Suzuki's reply was almost a carbon copy of what he had said that morning: "I'm very sorry, Doctor."
This resin is a patented compound of America Dow Chemical, and we directly import pre-packaged raw material boxes.
The formula is a core trade secret of America and is not included in this technology transfer.
When the weekend came and the team wanted to understand how to detect and classify nanoscale imprint defects, Davidson finally stepped in himself.
While operating the expensive KLA inspection equipment, he explained in a friendly manner: "So, as you can see, our SpectraShape system can clearly identify these defects smaller than 10 nanometers."
Of course, the algorithmic models for interpreting this data, and how to feed them back to upstream processes for correction, are all part of KLA's patented software services.
According to the agreement, we will provide installation and technical support services for your factory in mainland China.
Late at night, in a hotel room
Chen Lei and his core team members reviewed their progress over the past two weeks in the room. The initial excitement had completely vanished.
“I see,” murmured an engineer in charge of process integration. “They’re not selling us a machine, they’re selling us a niche.”

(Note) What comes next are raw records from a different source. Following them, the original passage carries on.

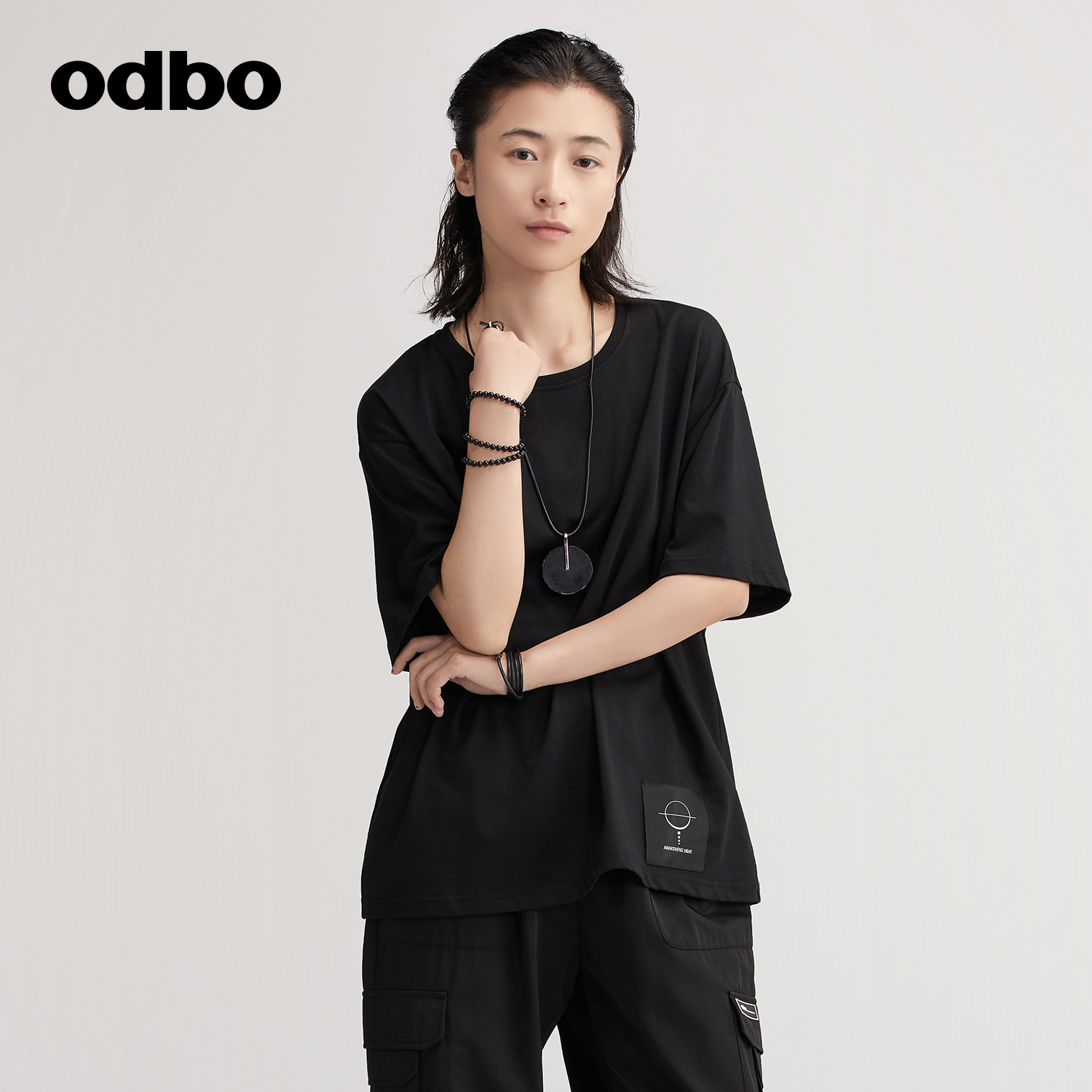 odbo/欧迪比欧原创设计休闲印花T恤女早秋新款舒适宽松上衣-图2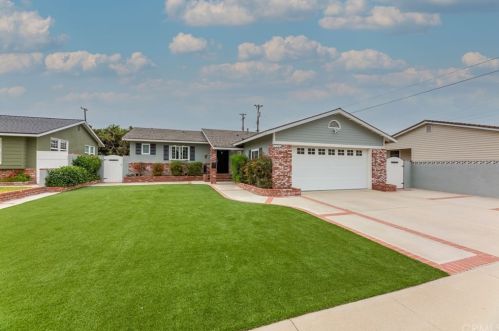 7791 Pavonia Cir, Buena Park, CA 90620-2232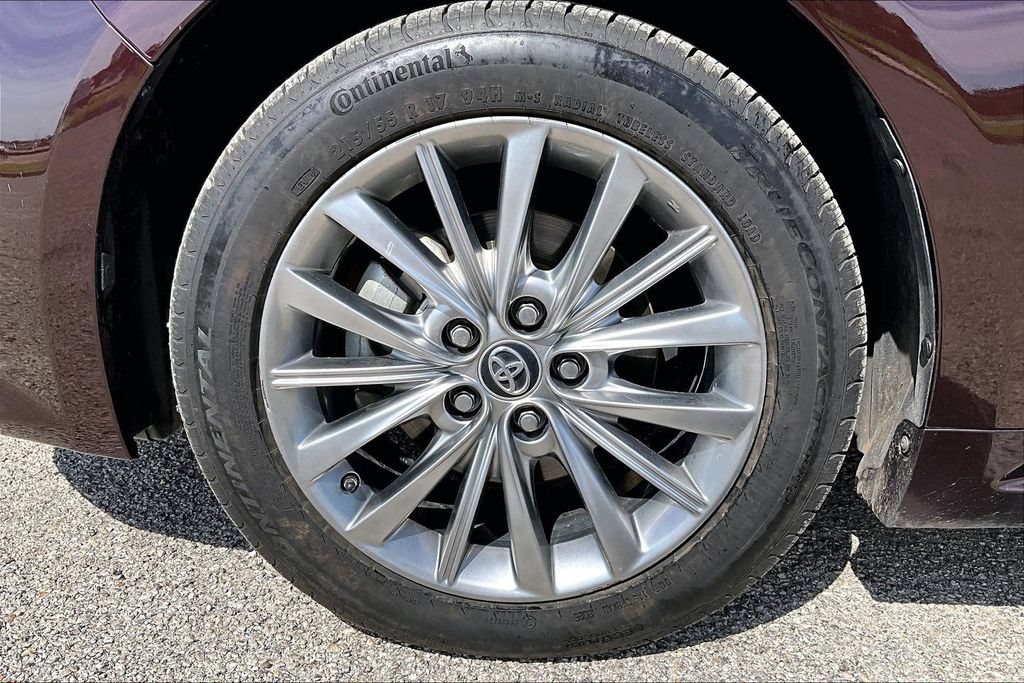 Used 2017 Toyota Avalon Limited w/ Carpet Mat Package FWD image 9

The unspoken implication was that this niche was so deeply embedded in their ecosystem that they couldn't escape it.
Chen Lei walked to the window and looked at the quiet night view of Utsunomiya City outside.
“I was right before.” Chen Lei’s voice was unusually calm. “Now we just have to wait for President Lin to solve the problem.”
I'm curious whether the problems America painstakingly set were more difficult, or whether the world's most outstanding mathematicians had stronger problem-solving abilities.
This is also the only remaining question in the minds of the team members after all this time.